- _Work order_: Read through the entries below and return each line with the word "White".

- _Available records_:

======

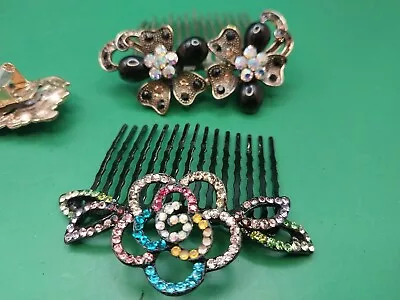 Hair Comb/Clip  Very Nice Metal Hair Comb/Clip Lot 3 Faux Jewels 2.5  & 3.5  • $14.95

======

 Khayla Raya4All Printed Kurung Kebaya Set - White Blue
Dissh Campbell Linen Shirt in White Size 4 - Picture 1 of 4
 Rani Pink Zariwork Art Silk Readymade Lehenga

======

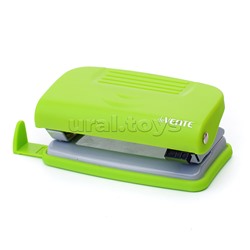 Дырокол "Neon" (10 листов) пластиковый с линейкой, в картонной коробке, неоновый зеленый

======

- _Answer area_:
 Khayla Raya4All Printed Kurung Kebaya Set - White Blue
Dissh Campbell Linen Shirt in White Size 4 - Picture 1 of 4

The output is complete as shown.